- YOUR INSTRUCTIONS: Could you repeat, word for word, the line with "Appert Swivel Counter Height Chair image 3" and every line after it in the records below, leaving out any pictures?

- DATA FOR THIS EXERCISE:
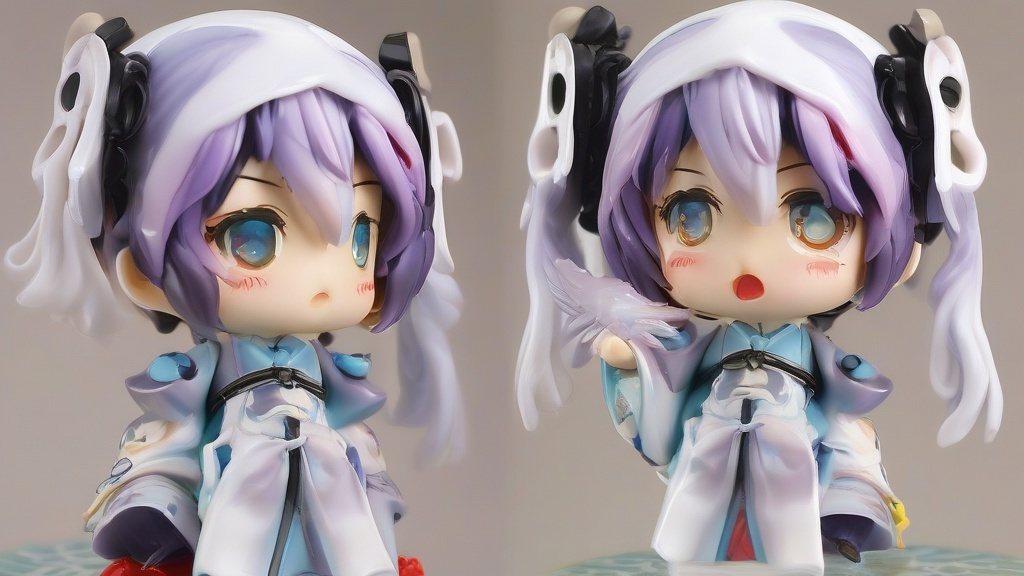 动漫手办精选：比例手办收藏指南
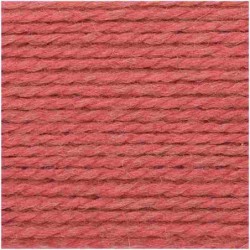 CREATIVE SOFT WOOL ARAN 009 CERISE 100 gr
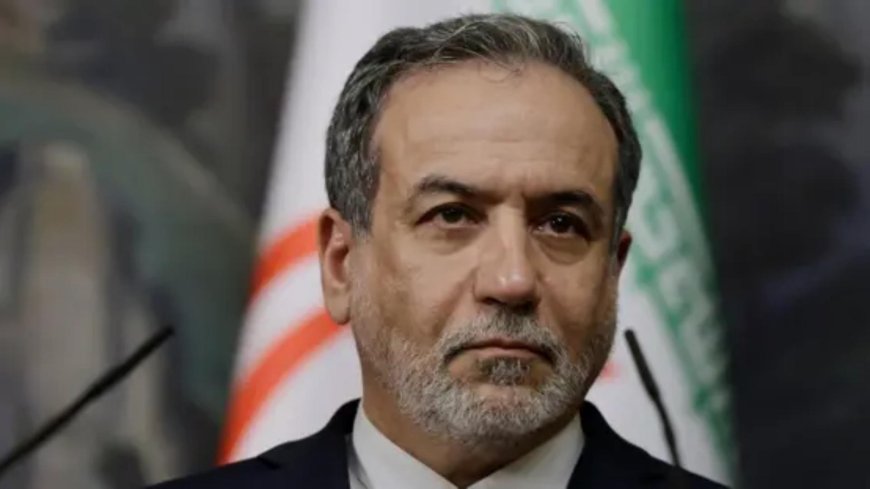 تطور في موقف عراقجي اتجاه المفاوضات مع واشنطن.. ايران مستعدة للقبول بهذا الأمر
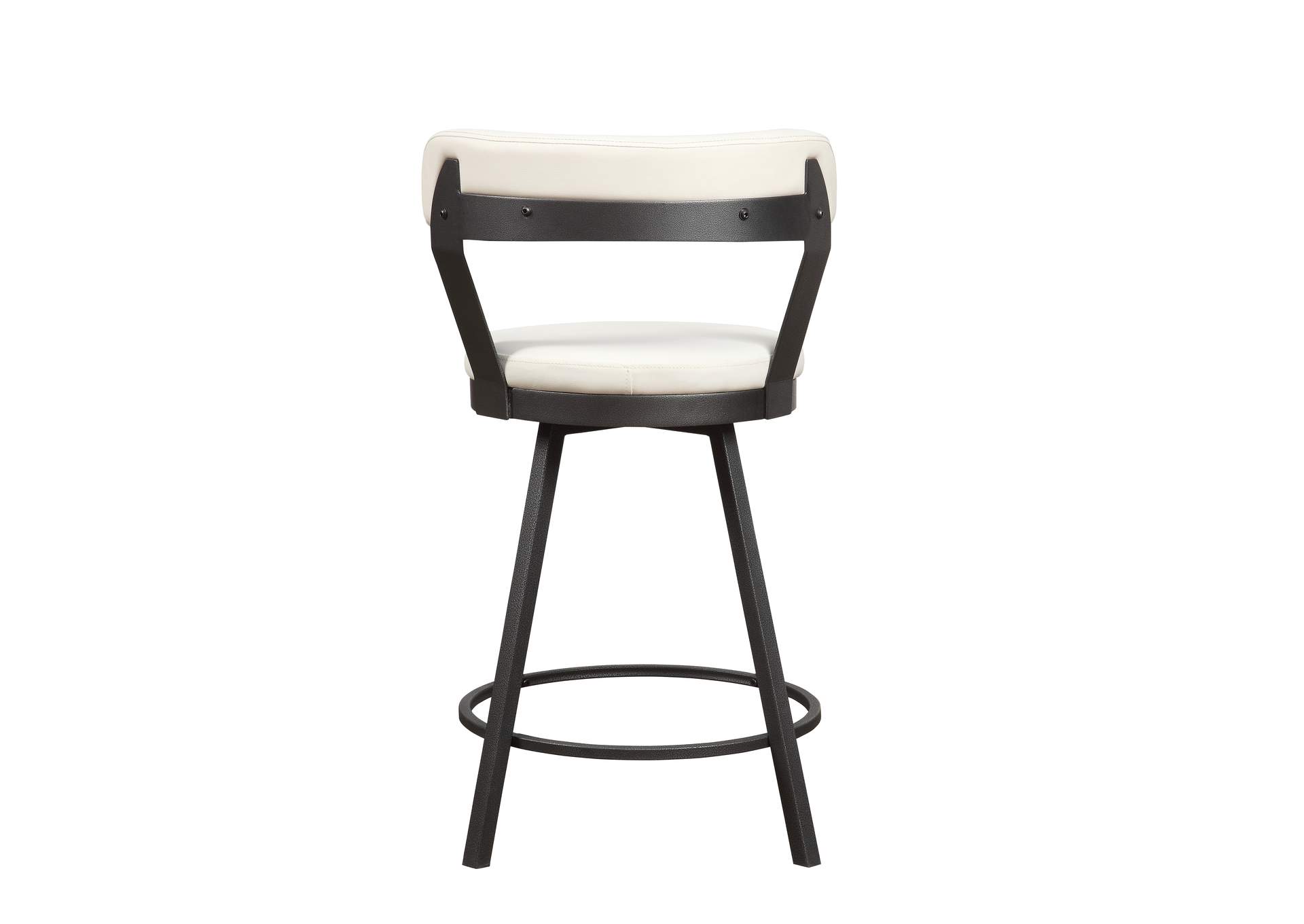 Appert Swivel Counter Height Chair image 3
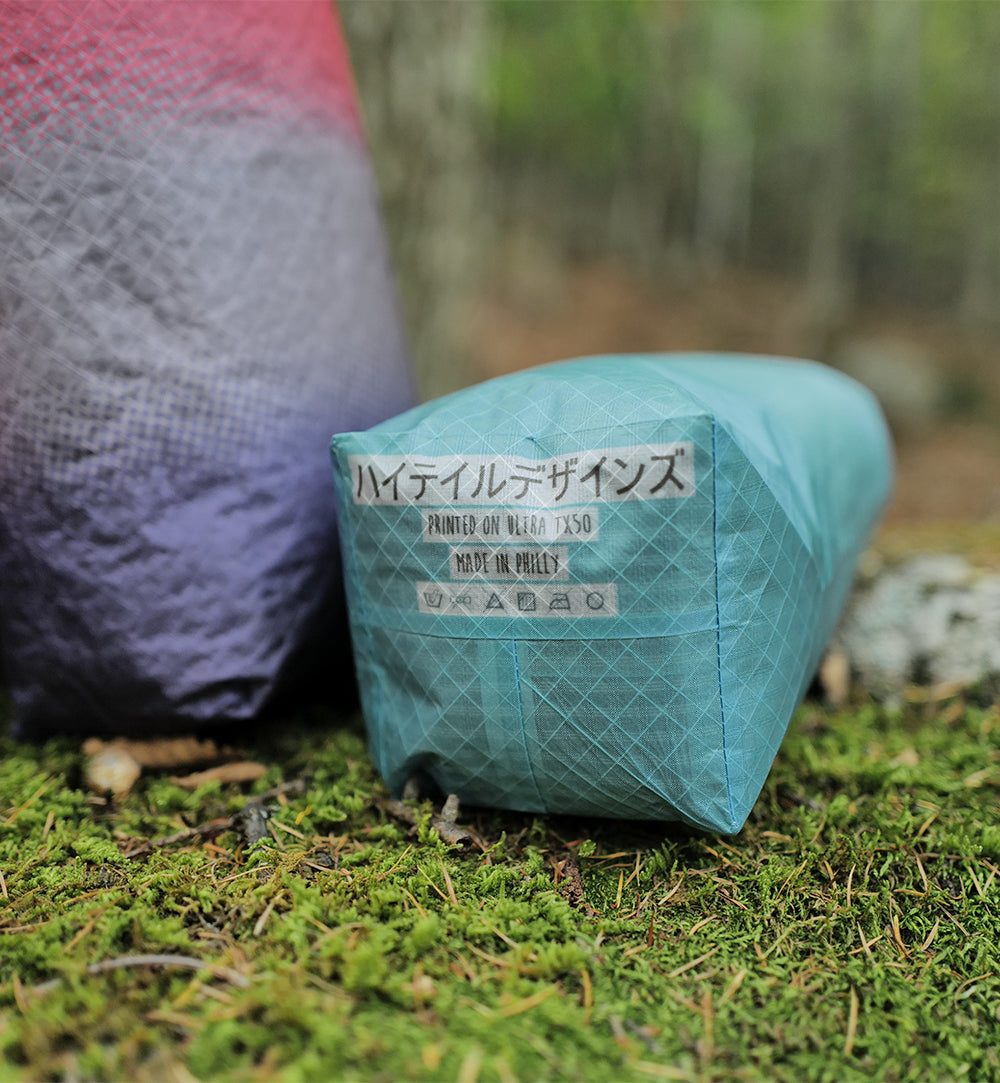 HIGH TAIL DESIGNS / TX50 Stuff Sacks Small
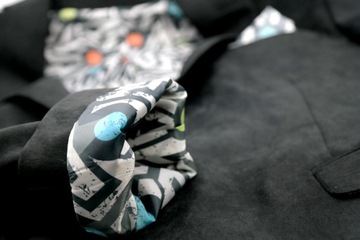 GIOVANNI PERA Куртка мужская D701 черная 48 S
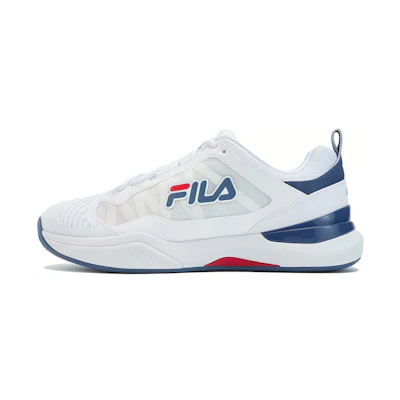 FILA Speed Serve Shoes 'White Blue Red'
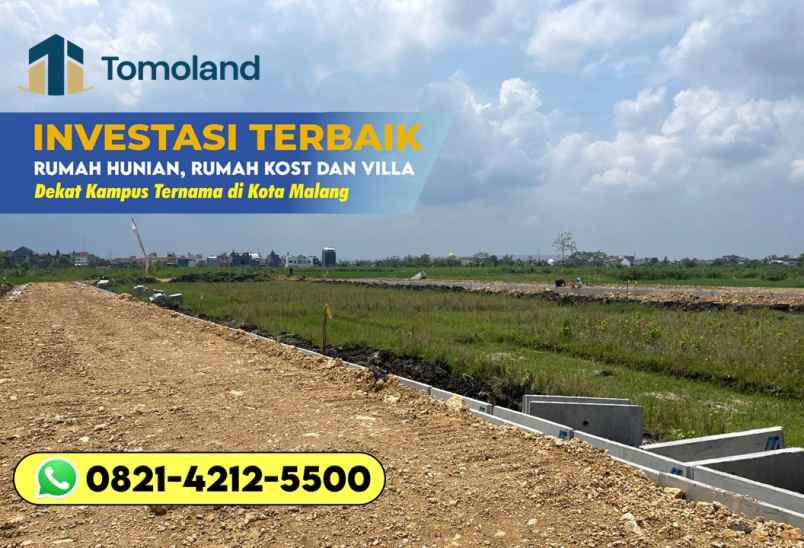 rumah lowokwaru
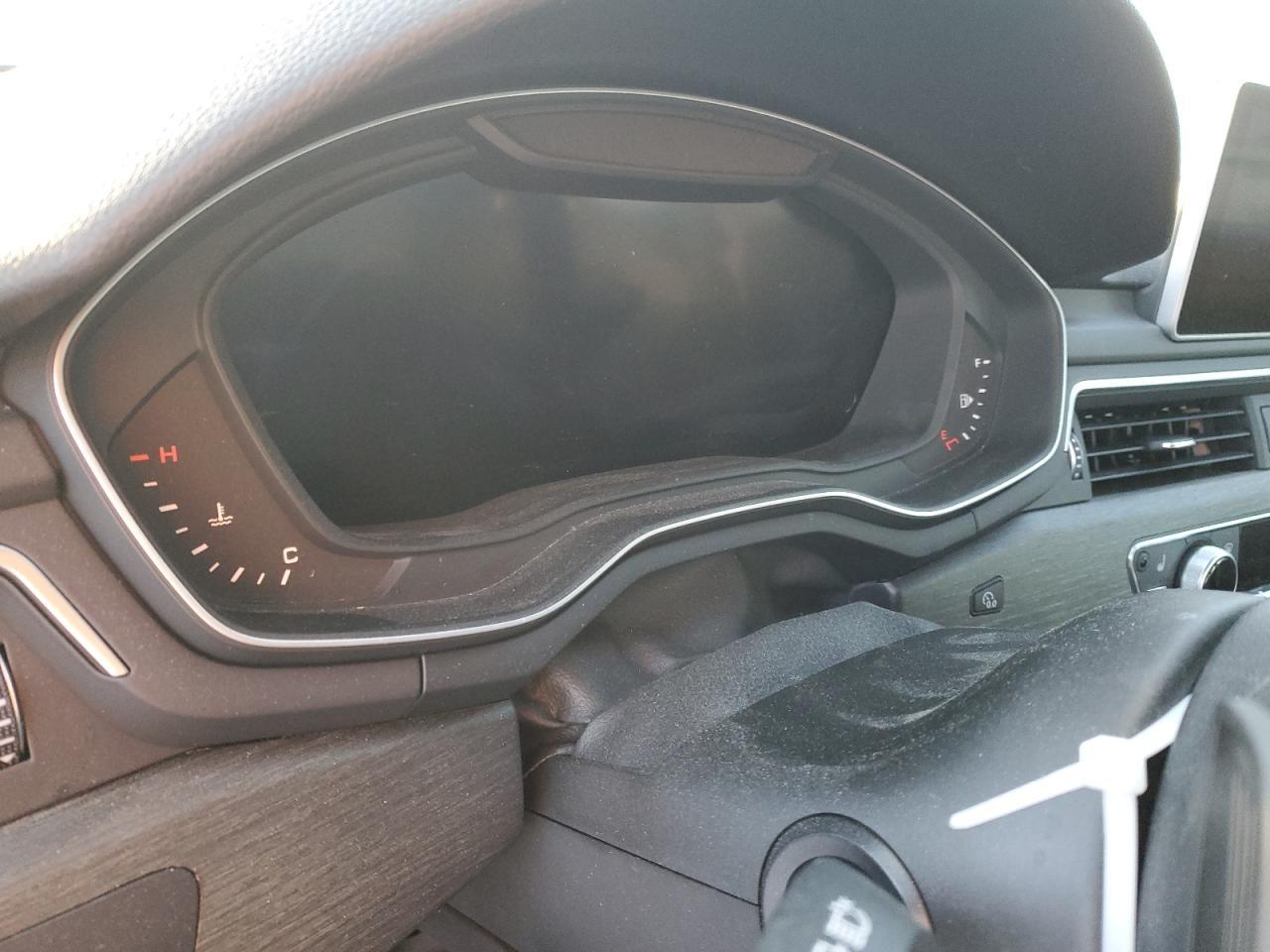 2019 AUDI A5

- RESULT OF THE TASK:
 Appert Swivel Counter Height Chair image 3
 HIGH TAIL DESIGNS / TX50 Stuff Sacks Small
 GIOVANNI PERA Куртка мужская D701 черная 48 S
 FILA Speed Serve Shoes 'White Blue Red'
 rumah lowokwaru
 2019 AUDI A5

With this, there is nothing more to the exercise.